When the Almirante Saldanha left Rio for its historic January visit to Trindade Island, the ship had on board, as guests of the Navy, five members of the Icarai Club. Among the five, in addition to Barauna, were Amilar Vieira Filho, captain of the group, and José Teobaldo Viegas, a retired captain in the Brazilian Air Force[X-22]. On January 16 when the ship was getting ready to leave Trindade, these three friends were on deck, Barauna with his loaded Rolleiflex camera, the other two standing some distance away. Suddenly Vieira remarked on a big sea gull in the sky. Looking up, Viegas immediately shouted, “Flying saucer!” and Barauna snapped his pictures.

No other eyewitnesses have been found, even though the deck was crowded with sailors. The ship’s dentist has been listed as a witness (in one document he appears as two persons, under two different versions of his name) but no newspaper yet examined mentions his story. Captain Bacellar, returning from his post as commander of the Trindade station, has also been listed as a witness but, according to his statement, he was not on deck when the incident occurred.

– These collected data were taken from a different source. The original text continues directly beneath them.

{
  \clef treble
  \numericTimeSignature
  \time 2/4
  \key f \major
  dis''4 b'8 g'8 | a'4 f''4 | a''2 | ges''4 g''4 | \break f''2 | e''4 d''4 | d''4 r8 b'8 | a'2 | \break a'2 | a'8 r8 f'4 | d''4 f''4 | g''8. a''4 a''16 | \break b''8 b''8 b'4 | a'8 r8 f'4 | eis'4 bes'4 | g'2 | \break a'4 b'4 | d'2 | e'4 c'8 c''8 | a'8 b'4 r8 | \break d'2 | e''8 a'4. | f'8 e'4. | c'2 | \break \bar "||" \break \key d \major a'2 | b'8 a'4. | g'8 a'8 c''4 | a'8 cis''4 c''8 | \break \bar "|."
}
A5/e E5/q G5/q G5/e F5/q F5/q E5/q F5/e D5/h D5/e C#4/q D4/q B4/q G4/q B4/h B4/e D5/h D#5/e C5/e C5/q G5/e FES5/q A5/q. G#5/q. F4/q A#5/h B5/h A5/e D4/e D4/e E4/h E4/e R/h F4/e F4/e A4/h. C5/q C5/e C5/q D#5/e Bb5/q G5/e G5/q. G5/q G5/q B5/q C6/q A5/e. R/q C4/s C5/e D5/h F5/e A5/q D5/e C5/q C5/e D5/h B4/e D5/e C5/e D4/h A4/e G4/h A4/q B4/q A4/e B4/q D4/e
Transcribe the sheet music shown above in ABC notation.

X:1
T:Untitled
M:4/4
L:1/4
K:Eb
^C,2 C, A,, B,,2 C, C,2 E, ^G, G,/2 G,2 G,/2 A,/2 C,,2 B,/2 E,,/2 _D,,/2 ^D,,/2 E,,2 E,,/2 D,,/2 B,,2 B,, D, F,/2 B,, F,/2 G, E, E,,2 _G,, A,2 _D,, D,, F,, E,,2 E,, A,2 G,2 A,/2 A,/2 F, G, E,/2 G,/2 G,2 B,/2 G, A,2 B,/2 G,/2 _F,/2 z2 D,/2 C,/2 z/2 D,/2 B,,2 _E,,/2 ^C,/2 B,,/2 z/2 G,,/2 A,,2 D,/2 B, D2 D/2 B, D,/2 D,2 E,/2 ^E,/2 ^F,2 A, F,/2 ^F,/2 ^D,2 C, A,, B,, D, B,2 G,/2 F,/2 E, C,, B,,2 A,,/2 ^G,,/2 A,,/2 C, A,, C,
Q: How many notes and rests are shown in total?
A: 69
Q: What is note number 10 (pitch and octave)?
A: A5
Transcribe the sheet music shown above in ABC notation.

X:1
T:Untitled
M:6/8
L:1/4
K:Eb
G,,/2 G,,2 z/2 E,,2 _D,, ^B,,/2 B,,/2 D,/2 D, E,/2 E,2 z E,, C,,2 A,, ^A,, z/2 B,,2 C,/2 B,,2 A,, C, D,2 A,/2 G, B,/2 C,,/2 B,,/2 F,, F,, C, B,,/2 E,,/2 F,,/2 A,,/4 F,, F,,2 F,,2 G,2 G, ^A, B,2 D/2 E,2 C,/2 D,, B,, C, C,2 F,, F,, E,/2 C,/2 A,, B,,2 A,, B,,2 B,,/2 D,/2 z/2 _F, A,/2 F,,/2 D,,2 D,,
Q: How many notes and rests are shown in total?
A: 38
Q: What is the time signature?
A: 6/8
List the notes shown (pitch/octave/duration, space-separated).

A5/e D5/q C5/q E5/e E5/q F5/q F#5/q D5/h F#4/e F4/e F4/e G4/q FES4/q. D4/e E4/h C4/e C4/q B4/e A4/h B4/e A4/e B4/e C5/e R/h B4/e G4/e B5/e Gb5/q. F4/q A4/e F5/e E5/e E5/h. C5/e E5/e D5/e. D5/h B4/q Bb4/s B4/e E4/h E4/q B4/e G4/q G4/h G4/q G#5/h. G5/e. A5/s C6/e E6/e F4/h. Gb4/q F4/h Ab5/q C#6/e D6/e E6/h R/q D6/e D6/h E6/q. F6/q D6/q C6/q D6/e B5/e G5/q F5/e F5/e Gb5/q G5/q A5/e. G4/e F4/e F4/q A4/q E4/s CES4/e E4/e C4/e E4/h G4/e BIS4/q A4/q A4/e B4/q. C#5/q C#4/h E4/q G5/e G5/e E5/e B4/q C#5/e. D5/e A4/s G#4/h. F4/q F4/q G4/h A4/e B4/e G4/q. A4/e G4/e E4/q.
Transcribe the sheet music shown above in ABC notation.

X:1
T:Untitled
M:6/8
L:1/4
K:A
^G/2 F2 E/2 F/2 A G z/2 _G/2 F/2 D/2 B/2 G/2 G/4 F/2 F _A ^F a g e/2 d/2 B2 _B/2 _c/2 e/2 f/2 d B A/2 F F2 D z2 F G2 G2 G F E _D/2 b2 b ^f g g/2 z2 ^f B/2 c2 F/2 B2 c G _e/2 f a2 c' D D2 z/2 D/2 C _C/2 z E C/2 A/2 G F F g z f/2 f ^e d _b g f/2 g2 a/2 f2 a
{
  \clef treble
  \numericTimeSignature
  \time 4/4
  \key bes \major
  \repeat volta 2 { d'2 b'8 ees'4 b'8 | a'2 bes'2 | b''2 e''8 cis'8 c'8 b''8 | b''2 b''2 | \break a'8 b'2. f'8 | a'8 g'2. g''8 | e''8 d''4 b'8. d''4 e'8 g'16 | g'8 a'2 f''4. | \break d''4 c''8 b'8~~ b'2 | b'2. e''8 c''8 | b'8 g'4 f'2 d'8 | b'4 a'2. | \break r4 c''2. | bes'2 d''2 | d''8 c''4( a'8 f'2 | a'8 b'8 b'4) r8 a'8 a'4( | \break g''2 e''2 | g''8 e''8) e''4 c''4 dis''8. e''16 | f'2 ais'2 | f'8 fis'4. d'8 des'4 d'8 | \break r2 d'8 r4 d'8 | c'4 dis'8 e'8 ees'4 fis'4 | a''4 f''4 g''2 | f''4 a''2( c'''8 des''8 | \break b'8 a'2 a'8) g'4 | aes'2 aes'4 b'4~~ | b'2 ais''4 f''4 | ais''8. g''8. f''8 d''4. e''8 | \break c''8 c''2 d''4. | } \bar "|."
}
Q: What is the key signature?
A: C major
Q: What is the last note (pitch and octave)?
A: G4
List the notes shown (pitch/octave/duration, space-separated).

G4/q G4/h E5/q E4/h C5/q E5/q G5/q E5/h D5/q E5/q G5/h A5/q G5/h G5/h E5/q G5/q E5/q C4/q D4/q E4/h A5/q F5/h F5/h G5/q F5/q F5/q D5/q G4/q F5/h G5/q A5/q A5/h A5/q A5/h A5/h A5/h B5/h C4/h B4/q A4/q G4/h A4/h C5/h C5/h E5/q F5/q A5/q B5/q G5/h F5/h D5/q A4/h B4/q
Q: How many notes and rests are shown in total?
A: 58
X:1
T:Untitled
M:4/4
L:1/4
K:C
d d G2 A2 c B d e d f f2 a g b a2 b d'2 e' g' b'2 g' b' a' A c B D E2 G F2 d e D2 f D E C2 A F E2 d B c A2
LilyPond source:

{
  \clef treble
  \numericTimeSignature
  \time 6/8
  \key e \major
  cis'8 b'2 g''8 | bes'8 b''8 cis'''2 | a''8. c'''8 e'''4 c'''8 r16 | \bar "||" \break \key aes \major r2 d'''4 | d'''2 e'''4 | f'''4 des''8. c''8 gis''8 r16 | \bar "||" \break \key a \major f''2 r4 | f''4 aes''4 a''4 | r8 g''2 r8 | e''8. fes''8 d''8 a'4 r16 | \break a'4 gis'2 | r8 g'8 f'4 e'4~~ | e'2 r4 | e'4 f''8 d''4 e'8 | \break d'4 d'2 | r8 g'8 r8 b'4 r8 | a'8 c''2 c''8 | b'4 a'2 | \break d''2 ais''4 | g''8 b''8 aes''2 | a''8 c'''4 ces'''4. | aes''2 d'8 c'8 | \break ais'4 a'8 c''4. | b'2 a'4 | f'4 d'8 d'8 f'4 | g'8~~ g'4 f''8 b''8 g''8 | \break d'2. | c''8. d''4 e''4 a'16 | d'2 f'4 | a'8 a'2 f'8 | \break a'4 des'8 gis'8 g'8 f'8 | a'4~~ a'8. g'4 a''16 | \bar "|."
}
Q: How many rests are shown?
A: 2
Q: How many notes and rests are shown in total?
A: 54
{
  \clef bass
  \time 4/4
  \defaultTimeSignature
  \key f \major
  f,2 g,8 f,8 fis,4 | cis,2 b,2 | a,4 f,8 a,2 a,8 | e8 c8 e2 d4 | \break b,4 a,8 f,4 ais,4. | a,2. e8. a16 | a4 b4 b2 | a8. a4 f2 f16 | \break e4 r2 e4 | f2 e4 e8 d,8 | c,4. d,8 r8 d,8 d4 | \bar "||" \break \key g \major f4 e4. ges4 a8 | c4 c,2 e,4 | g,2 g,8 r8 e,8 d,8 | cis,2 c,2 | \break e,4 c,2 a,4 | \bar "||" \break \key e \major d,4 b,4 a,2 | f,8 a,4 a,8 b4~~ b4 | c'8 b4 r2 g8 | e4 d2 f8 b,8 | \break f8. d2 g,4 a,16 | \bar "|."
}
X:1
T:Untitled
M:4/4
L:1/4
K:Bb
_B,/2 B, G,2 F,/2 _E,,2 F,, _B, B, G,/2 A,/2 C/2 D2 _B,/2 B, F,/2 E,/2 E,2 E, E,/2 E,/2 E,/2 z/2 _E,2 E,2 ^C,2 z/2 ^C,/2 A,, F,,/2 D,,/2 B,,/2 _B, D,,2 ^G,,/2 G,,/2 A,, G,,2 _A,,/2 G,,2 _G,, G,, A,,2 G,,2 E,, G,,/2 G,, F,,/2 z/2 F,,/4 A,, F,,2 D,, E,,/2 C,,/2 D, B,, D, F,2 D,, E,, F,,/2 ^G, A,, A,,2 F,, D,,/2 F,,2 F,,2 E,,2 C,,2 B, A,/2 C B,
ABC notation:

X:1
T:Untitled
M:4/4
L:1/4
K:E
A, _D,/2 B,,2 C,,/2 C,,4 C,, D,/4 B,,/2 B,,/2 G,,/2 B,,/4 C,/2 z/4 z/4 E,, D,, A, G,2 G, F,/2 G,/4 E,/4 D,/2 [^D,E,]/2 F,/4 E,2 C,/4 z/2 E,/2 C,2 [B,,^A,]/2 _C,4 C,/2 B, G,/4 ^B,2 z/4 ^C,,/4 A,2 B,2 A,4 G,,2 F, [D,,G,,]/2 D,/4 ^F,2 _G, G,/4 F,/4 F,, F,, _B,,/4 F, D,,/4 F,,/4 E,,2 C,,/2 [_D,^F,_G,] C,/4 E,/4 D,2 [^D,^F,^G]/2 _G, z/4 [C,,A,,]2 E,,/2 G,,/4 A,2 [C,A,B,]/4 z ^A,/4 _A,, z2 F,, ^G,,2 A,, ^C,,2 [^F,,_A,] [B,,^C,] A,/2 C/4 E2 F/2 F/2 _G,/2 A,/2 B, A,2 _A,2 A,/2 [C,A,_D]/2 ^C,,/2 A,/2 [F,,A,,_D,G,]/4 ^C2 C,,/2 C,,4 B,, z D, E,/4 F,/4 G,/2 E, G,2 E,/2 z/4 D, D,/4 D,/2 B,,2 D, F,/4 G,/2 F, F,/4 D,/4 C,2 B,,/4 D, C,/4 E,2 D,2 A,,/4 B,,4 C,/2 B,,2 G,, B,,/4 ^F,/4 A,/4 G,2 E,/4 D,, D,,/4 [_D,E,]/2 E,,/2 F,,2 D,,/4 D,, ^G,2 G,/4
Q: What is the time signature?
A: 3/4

Vieira, the first man to sight the object, had called it “a big sea gull.” When interviewed five weeks later, in the midst of the saucer excitement, he had changed his mind about its being a sea gull, but he was no longer certain just what he had seen. He stated that the unknown had been in view for twenty seconds at most, and had disappeared too quickly for him to note any details; it was simply an oval gray object that seemed to flash briefly before it vanished. He did not mention the Saturn-like bands around the middle that are a conspicuous feature of the photograph.

The Trindade Photographs

Accounts of the Trindade affair often remark that the photographs must be genuine because no opportunity for fraud occurred. On the contrary, there were ample and repeated opportunities. Since Barauna was not under observation when he loaded his camera, he could easily have inserted a prepared film, with no one the wiser. With the type of camera used, the operation would have been simple. He was again free from observation when he developed the negatives. Captain Bacellar escorted him to the door of the darkroom but remained outside, on guard at the door. The only person to accompany Barauna inside (to help by holding a flashlight) was his friend Viegas—the same man who had cried “Flying saucer!”

When Barauna emerged with the dripping film, Bacellar examined it but what he expected to find is a question, since he had not observed the UFO. The witnesses allegedly agreed, however, that the negatives showed the object they had seen in the sky—an amazing feat when we remember that the Rolleiflex film frame is small, only about 2.25 inches square.

In the print of Frame 3 shown in O Cruzeiro[[X-22]], the UFO is slightly more than ¼ inch long and less than ⅛ inch thick. Assuming an enlargement factor of a little more than three, we find that the UFO on the negative would have appeared merely as a pale blur about 1/16 of an inch in length and no thicker than a pencil line. Miraculous eyesight would have been required to distinguish a “Saturn-like” or any other shape.

The Navy’s officers on board showed astonishingly little interest in the film and did nothing to prevent the possibility of fraud. All during the homeward trip the photographer had both the camera and the negative in his own possession. When the ship stopped at Santos, he and his fellow club members were allowed to debark (with camera and negative), and they completed the journey to Rio by bus. The ship had been anchored at Rio for two days before Captain Bacellar, of the Trindade station, finally called on Barauna and asked to see the prints so that he could show them to the Navy. Thus the photographer had been free of supervision for days. In that time he could have produced pictures of little men from Mars, if he had wanted to.

The pictures themselves raise many questions. The three witnesses had emphasized the brilliance of the UFO, yet the prints show merely a gray shape with no suggestion of luminosity. Barauna had used a Rolleiflex camera, 2.8 Model E, f/8 lens, set at 125. Finding that he had overexposed the film, he said, he had treated the negative with silver salts after development in order to increase the contrast. (During this procedure he was, again, without official supervision.)